Question

What role do elementary reactions play in determining reaction order with respect to each reactant? How is the mechanism related to how a rate constant for a complex reaction compares to that of a one-step reaction?

Answer 1

IMPORTANT: There is no direct correlation between stoichiometric coefficients and rate law exponents (reactant orders) in an overall (complex) reaction! If that ever occurs, it is a coincidence!

We will denote elementary reactions or reaction steps using `=>`, and complex reactions using `->`.

Here is an example of a bimolecular ozone destruction mechanism.

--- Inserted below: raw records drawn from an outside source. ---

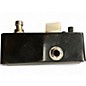 Used Mooer TRELICOPTER Effect Pedal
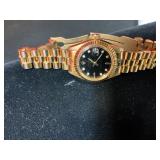 IMITATION Rolex Ladies Watch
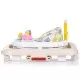 Premergator Chipolino Party 4 in 1 Latte Premergator Chipolino Party 4 in 1 Latte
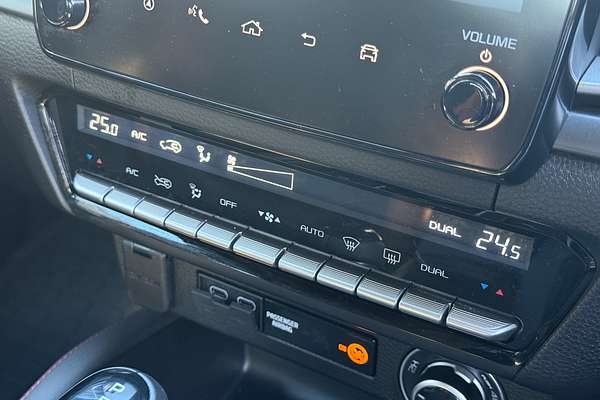 2025 Mazda BT-50 SP TF 4X4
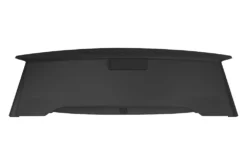 CTEK® - CS FREE™ 12 V Portable Automatic Battery Charger And Maintainer -Magma Store 40 462 3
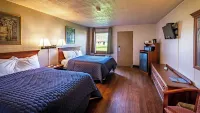 Magnuson Grand Harrisburg - 2-Star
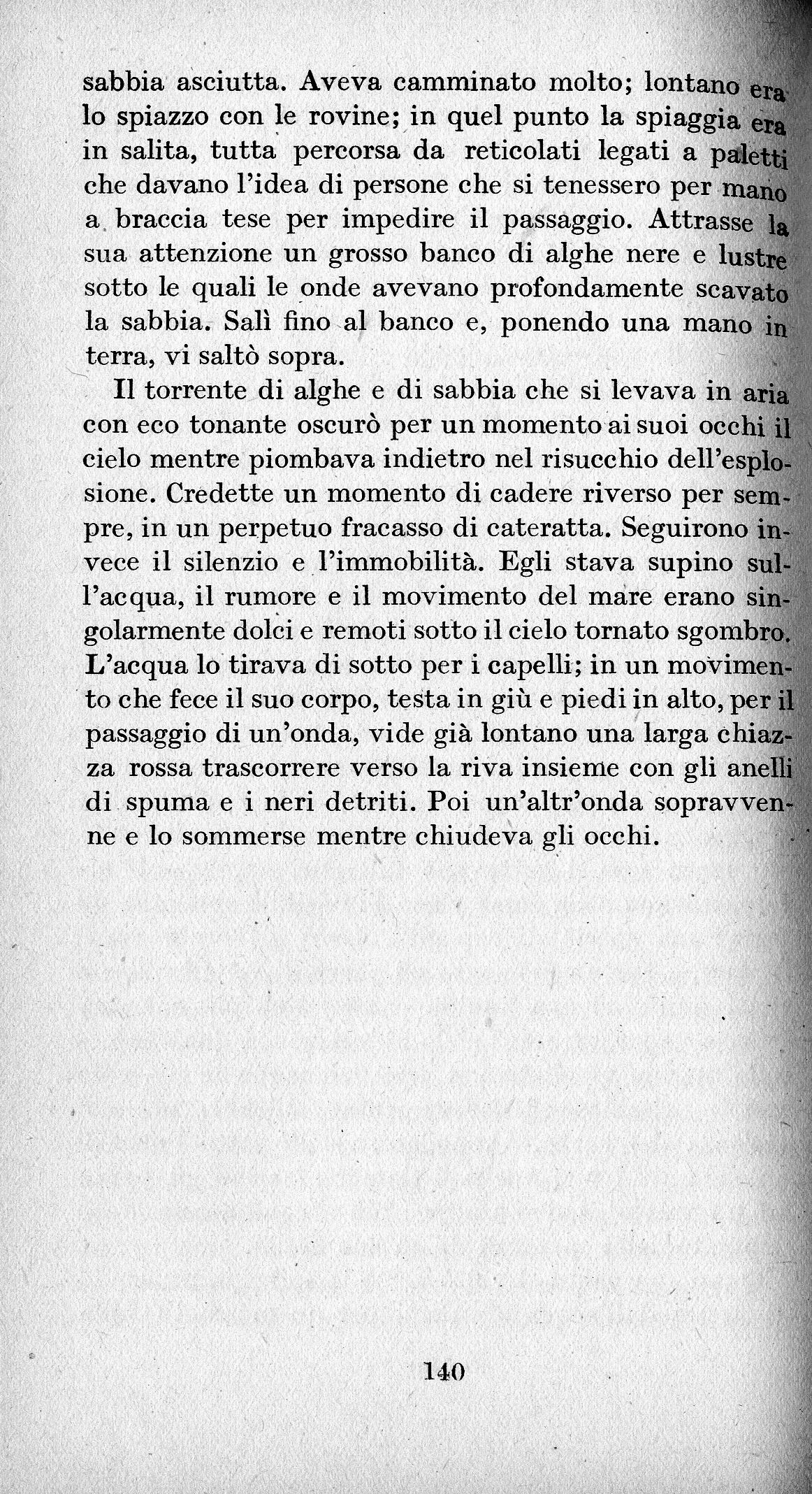0200140.jpg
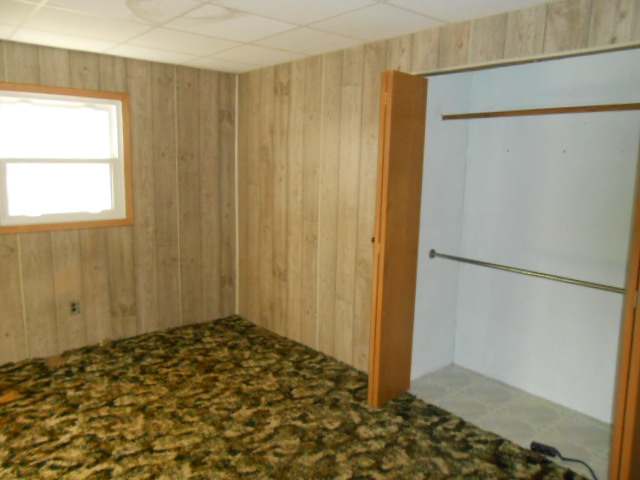 N8060 Kolpack Road Bowler, WI 54416 - Photo 11 of 14 Gallery Image 11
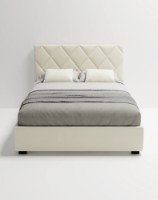 Кровать My-Style Nika 90x200 P49D90M01 фото №8 — интернет-магазин Desire.md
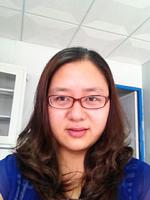 D1733f96924d9b33d4f7c586e00dc7e4ab4f71d3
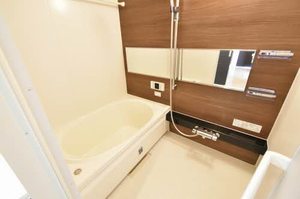 ＬｏｕｉｓＡｎｇｅ 0301号-9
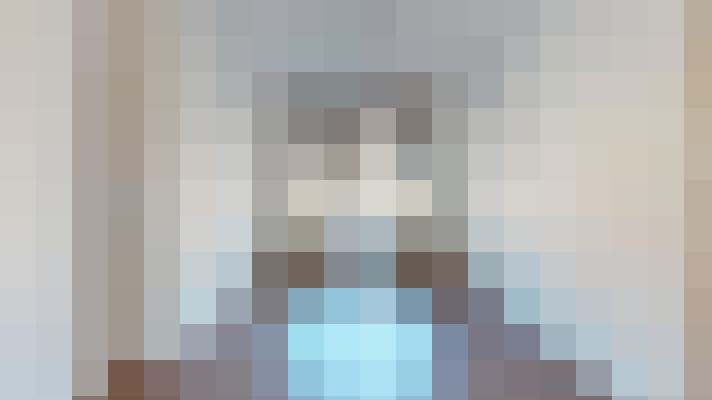 Image 29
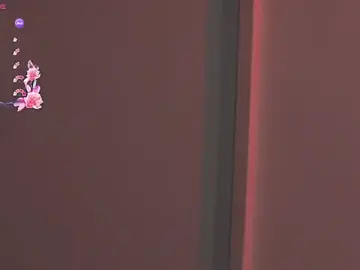 Stripchat Sex Cam of Naomi-Gray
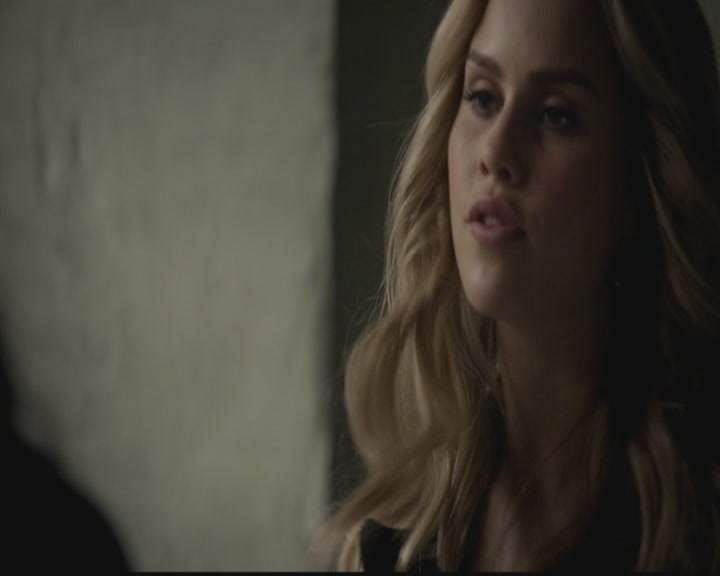 VampireDiariesWorld-dot-org_TheOriginals1x10TheCasketGirls2889.jpg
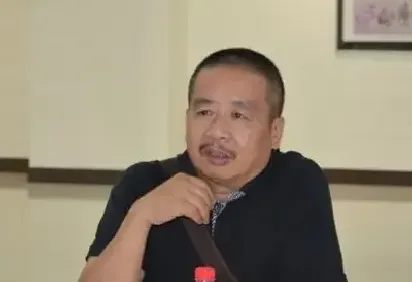 尹少淳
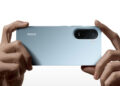 Бюджетний Redmi A7 Pro став доступний у Європі та інших країнах: що пропонує новинка Xiaomi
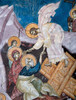 Задужбине Косова и Метохије: историјско, духовно и културно наслеђе Српског народа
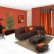 Best Color Schemes For Living Room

`O_3(g) + Cl(g) stackrel(k_1" ")(=>) ClO(g) + O_2(g)` --- (elementary step 1)
`ClO(g) + O(g) stackrel(k_2" ")(=>) O_2(g) + Cl(g)` --- (elementary step 2)
`"----------------------------------------"`
`underbrace(\mathbf(O_3(g) + O(g) stackrel(k_("obs")" ")(->) 2O_2(g)))`
`""" "" "" "^("overall reaction")`

For this, the overall rate law has the special rate constant `k_"obs""*"`, and is written as:

`\mathbf(r(t)"*" = k_"obs""*"["O"_3]["O"])`

`"*"` This reaction has a catalyst: `"Cl"`.

Note that we do not know what the special rate constant `k_"obs""*"` actually is yet, but we do know that both `"O"_3` and `"O"` are reactants in the overall reaction that do NOT:

• appear in the middle of the reaction and disappear later (intermediates)
• disappear in the middle of the reaction and reappear later (catalysts)

So, this is a valid rate law for the overall reaction.

It does not, however, reveal what the order of each reactant is, necessarily.

These are not the same:

`O_3(g) + O(g) stackrel(k_("obs""*")" ")(->) 2O_2(g)` (1)

`r(t)"*" = k_"obs""*"["O"_3]^m["O"]^n`

`m = ?`, `n = ?`

`O_3(g) + O(g) stackrel(k_("obs")" ")(=>) 2O_2(g)` (2)

`r(t) = k_"obs"["O"_3]^m["O"]^n`

`m = n = 1`.

That's what's causing you confusion, because examining the reaction mechanism of (1) based on what you have been taught, you would say:

`O_3(g) + Cl(g) stackrel(k_1" ")(=>) ClO(g) + O_2(g)` (step 1)

• step 1 is first order in `"O"_3` and first order in `"Cl"`. This is because the mechanistic step occurs as-written. That is, if you witness this step occurring in real life for one molecule of `"O"_3` and one atom of `"Cl"`, you would see one `"O"_3` molecule colliding with one `"Cl"` atom, and deduce that this is first-order in each.

`ClO(g) + O(g) stackrel(k_2" ")(=>) O_2(g) + Cl(g)` (step 2)

• step 2 is first order in `"ClO"` and first order in `"O"`. This is because the mechanistic step occurs as-written. That is, if you witness this step occurring in real life for one molecule of `"ClO"` and one atom of `"O"`, you would see one `"ClO"` molecule colliding with one `"O"` atom, and deduce that this is first-order in each.

Basically, comparing (1) and (2), the value of `k_"obs""*"` is not the same as `k_"obs"` because they are not the same mechanism. The difference is this:

• (1) is a complex reaction, known to occur in two steps.
• (2) is an elementary reaction, known to occur in one step.

The order of each reactant is able to be determined for an overall one-step reaction.

The order of each reactant is unclear for the overall two-step reaction, but each reactant's order is able to be determined for the elementary steps.

Remember that catalysts speed up rates of reaction (like in (1)!), so since (1) has a catalyst, `r(t)"*" ne r(t)`, and therefore, `k_"obs""*" ne k_"obs"`.

Ultimately, what we have is:

• When reaction A's `k_"obs"` matches reaction B's `k_"obs"`, AND the reactants in reaction A match those in reaction B, reaction A IS reaction B.
• When one or both things do not match, reaction A and B are NOT the same reaction and the reactants' orders are not necessarily the same.